New research project studies the impact of flexibilization
Today's lignite and hard coal power plants were conceived and deployed for securing basic supplies before the energy revolution. With a 24.5 percent share in the primary energy consumption of 2015, they play a major role in Germany's energy mix. The energy revolution means that electricity is now increasingly generated from renewable sources of energy. The power plants need to compensate for the fluctuating inputs from solar and wind energy by also generating medium and peak loads, instead of securing the base load as before. How the flexibilization measures required for this affect the operation of the facilities is being studied by scientists from the Chair of Power Plant Engineering since September 1, 2016, in cooperation with power plant operators, plant engineers, partners from industry and research institutions in the joint research project "Concepts and operating strategies for flexible-load firing and steam systems", or KONRAD for short.
The growing flexibilization is attended by a decreasing number of operating hours, increasing wear and tear, greater material stress, higher maintenance costs and an ever-lower cost-effectiveness. The impact of these factors is now being fathomed out by the scientists around Prof. Dr.-Ing. Hans Joachim Krautz. "The knowledge from this project enables us to influence and control the operation of large power plants, the application of cleaning methods and the maintenance strategies in a targeted manner. In addition to this, we also want to make significant progress in the assessment of component lifetimes in the water-steam cycle", explains the scientist.

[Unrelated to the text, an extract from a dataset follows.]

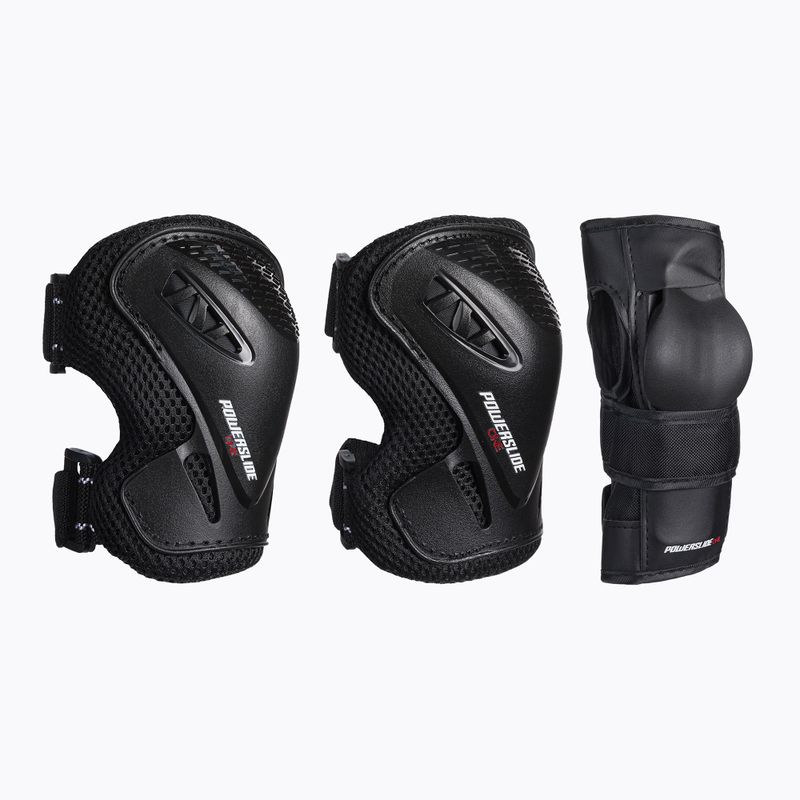 Powerslide One Basic Adult Tri-Pack nero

This project is dedicated to studying the fundamental issues and requirements arising from the increased flexibility of existing coal-fired power plant units. Information is generated about the monitoring, evaluation and optimization of unit operation. Dynamic models created in a 400-kilowatt thermal combustion test rig at BTU on the basis of measurements, simulations and test runs are meant to find their way into a tuner that adapts the firing system to the new requirements.
A more flexible operation of coal-fired power stations also changes the behaviour of surfacings and materials inside the steam generator. The consequences can include disruptive ash deposits and the corrosion of materials in the boiler. The researchers are studying the origin, development and growth of these deposits and the corrosion processes at a corrosion test station of the university and at a selected existing power plant.

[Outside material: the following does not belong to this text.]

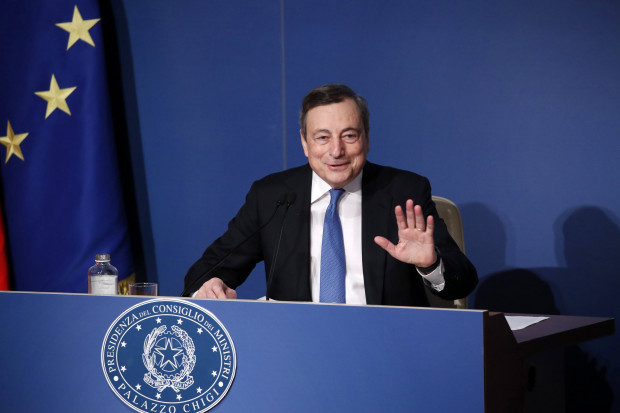 Draghi spielt mit falschen Zahlen bei Covid-Toten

Over and beyond this, the scientists are also analysing the damage caused by the flexible operation in the water-steam cycle, depending on the times and temperatures, alternating thermal stress, wear and fatigue mechanisms. This because they affect the lifespan of the individual components. Maintenance strategies are meant to enable the operators to meet the changed requirements in future.

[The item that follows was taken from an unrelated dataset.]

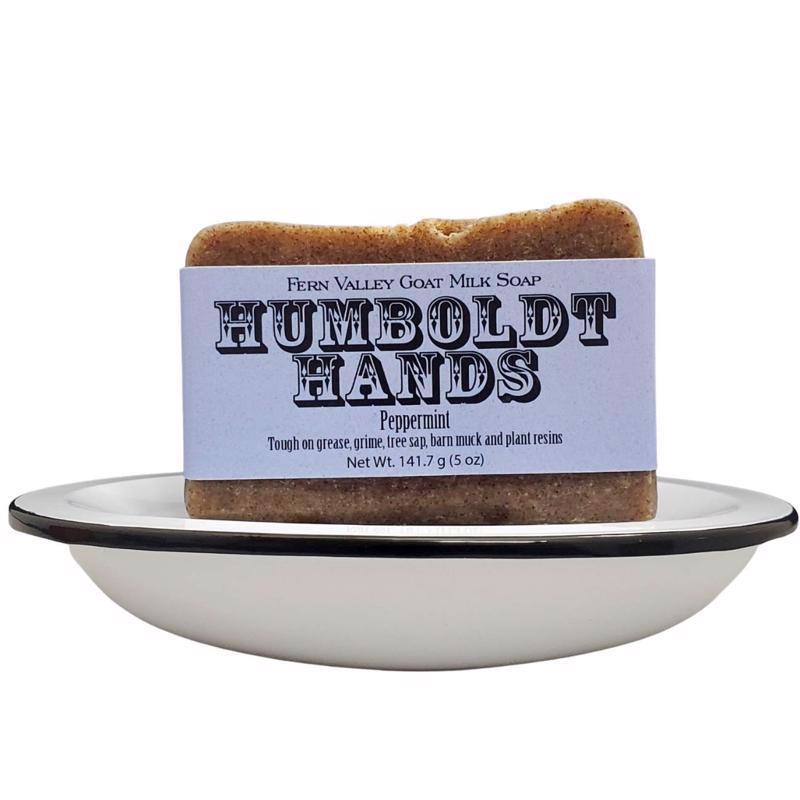 Fern Valley Soap Humboldt Hands Peppermint Scent Hand Soap 6 oz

Thanks to the intensive networking between the university and industry, the scientific investigation methods and results can be translated into practical applications. The industry partners are provided with instruments for an optimal, cost-efficient operational management and facility conception.
The project is funded by the Federal Ministry for Economic Affairs and Energy and various industry partners with a sum total of 6.69 million euros. The subsidies for the Chair for Power Plant Engineering at BTU Cottbus–Senftenberg run to 2.42 million euros, enough to finance four academic and two technical employees for a period of four years.